Ce logement des Pères Récollets était précisément à l'endroit où est aujourd'hui l'Hôpital-Général. «Le 7. Septembre,» dit Sagard (Hist. du Canada, p. 56), «l'on commença d'amasser les matériaux, & de joindre la charpenterie de nostre Convent de nostre Dame des Anges, où le Père Dolbeau fist mettre la première pierre le 3 juin 1620.» «A nostre arrivée,» dit le P. Denis Jamay, dans une lettre datée de Québec le 15 août 1620, «nous sceumes que le sieur du Pont Gravé Capitaine pour les Marchands dans l'habitation, avoit commencé à nous faire bastir une maison (laquelle depuis nostre arrivée nous avons fait achever) dont je fus fort resjouy tant pour l'assiette du lieu, que de la beauté du bastiment. Le corps du logis donc est faist de bonne & forte charpente, & entre les grosses pièces une muraille de 8 & 9 pouces jusques à la couverture, sa longueur est de trente-quatre pieds, sa largeur de vingt-deux, il est à double estage: nous divisons le bas en deux: de la moitié nous en faisons nostre Chappelle en attendant mieux: de l'autre une belle grande chambre, qui nous servira de cuisine & où logeront nos gens: au second estage nous avons une belle grande chambre, puis quatre autres petites; dans deux desquelles, que nous avons faict faire tant soit peu plus grandes que les autres, y a des cheminées pour retirer les malades, à ce qu'ils soient seuls: la muraille est faicte de bonne pierre, bon sable & meilleure chaux que celle qui se faict en France, au dessoubs est la cave de vingt pieds en carré, & sept de profond.» (Sagard, Hist. du Canada, p. 58, 59.)

Note 505: [(retour) ]

Quelque respect que nous ayons pour les opinions de M. Ferland, nous ne pouvons admettre que la maison d'Hébert ait été «vers la partie de la rue Saint-Joseph, où elle reçoit les rues Saint-François et Saint-Flavien» (Notes sur les Registres, p. 10). D'abord, l'acte de partage de 1634, sur lequel M. Ferland paraît s'appuyer (Cours d'Hist. P. 190), est fort obscur sur ce point et très-peu concluant; en second lieu, cette première maison était dans le voisinage de celle de Couillard, comme le prouve un acte d'arbitrage de 1639, (Étude de Piraube, Greffe de Québec).

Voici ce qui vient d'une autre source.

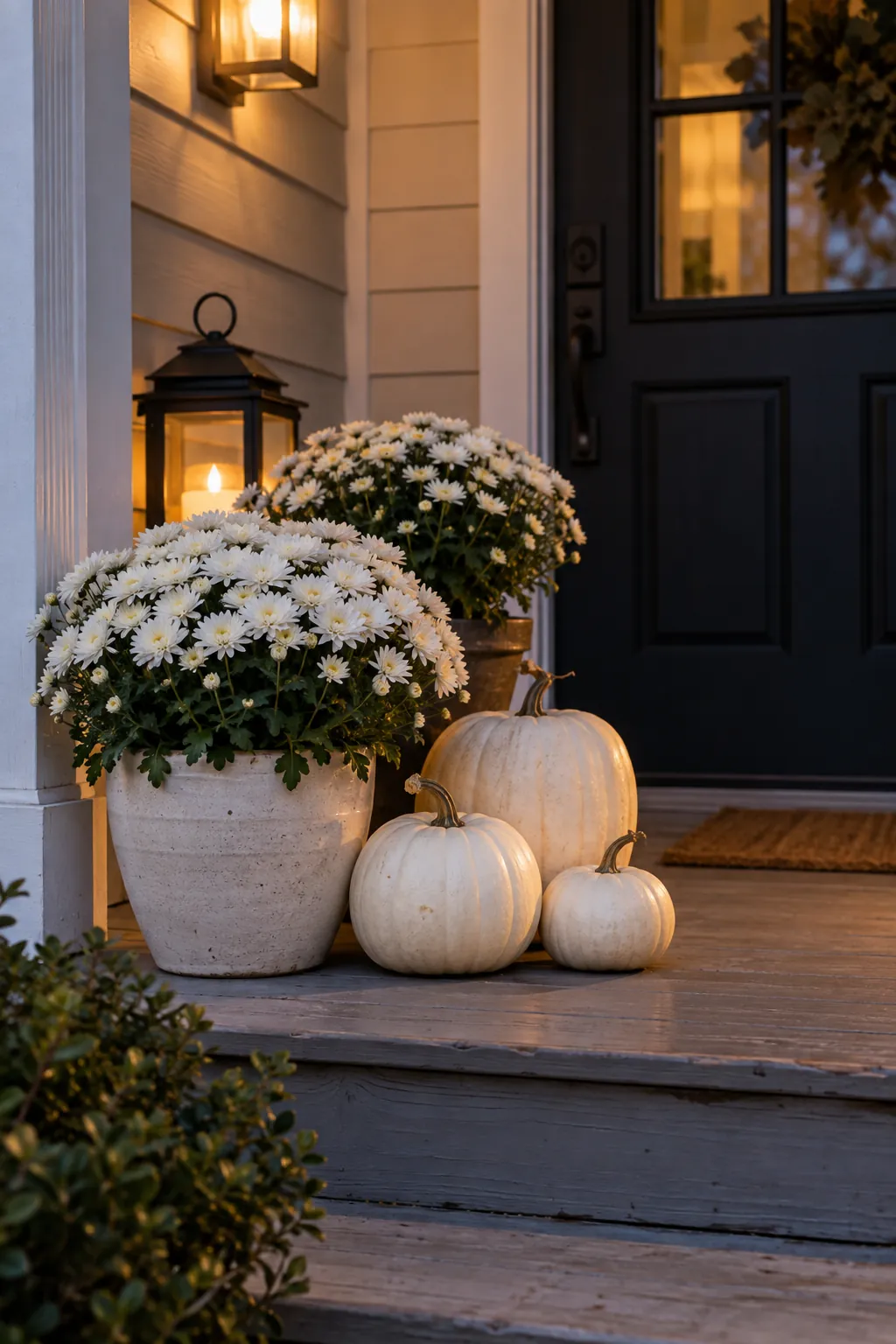 Evening Glow With Soft Neutrals white pumpkin and mum porch display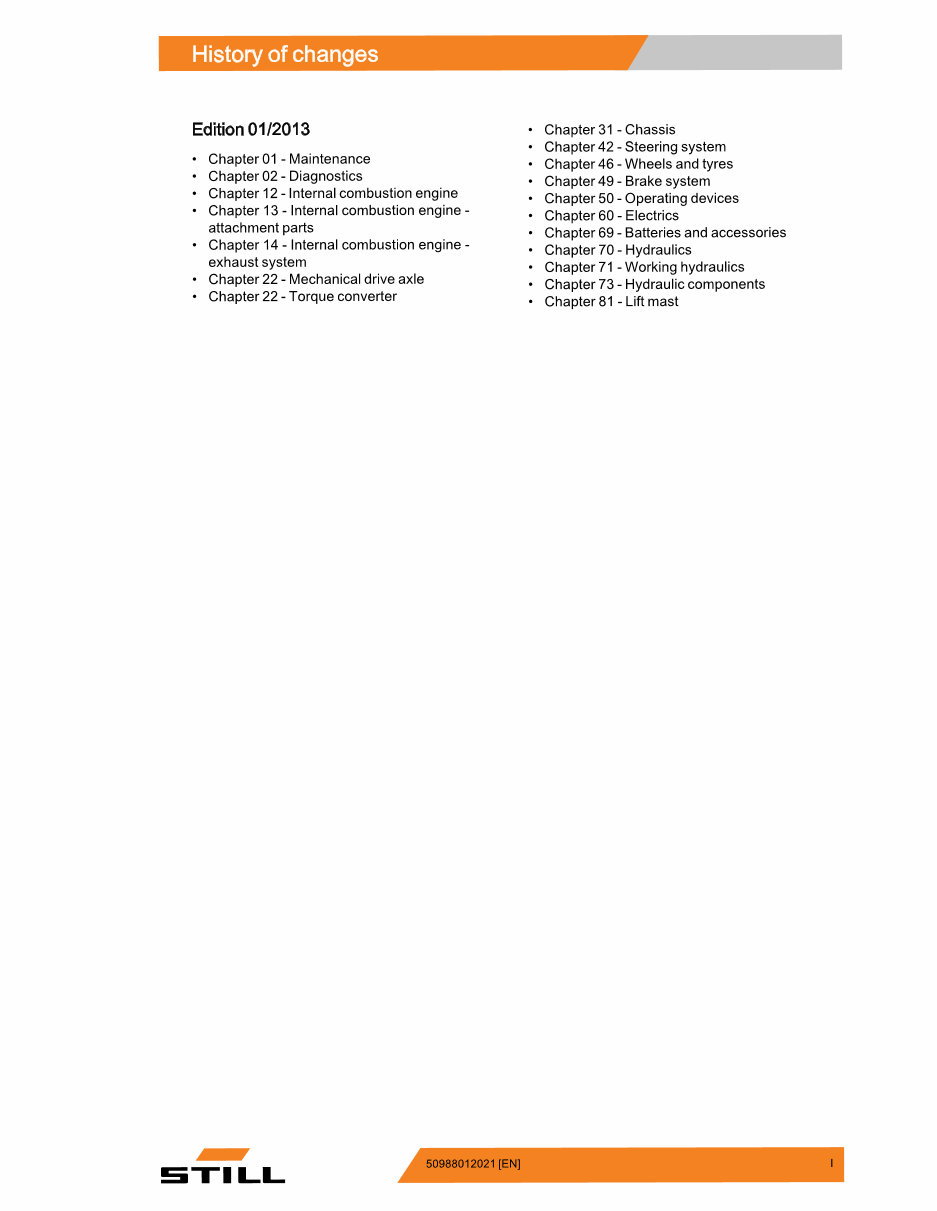 Still RC40-16, RC40-17, RC40-18, RC40-20, RC40-25, RC40-30, RC40-33, RC40-35 Diesel / LPG Forklift Trucks Service Repair Worksho preview img 3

Des arbitres, nommés pour faire la visite d'un «estre de maison scituée proche celle de Couillard, de la succession de deffunt [Guill.] Hébert, & contenant trente-huict piedz de long sur dix-neuf de large,» le jugent «inhabitable & non manable... comme fondant en ruyne» depuis longtemps... Or, en 1639, il ne pouvait y avoir, à la haute-ville, que la maison d'Hébert qui fût dans un pareil état de vétusté, puisque les autres maisons durent être construites après 1632. (Relat. 1632.) Cette première maison a dû être vers l'emplacement de l'archevêché; car la part de Guillaume Hébert et de Guillaume Hubou, à qui était remariée la veuve Hébert, était de ce côté. (Archives du Séminaire de Québec, acte de partage 1634, et acte d'échange entre Guill. Hébert et Nicolas Pivert en 1637, passé pardevant Audouart 1641.)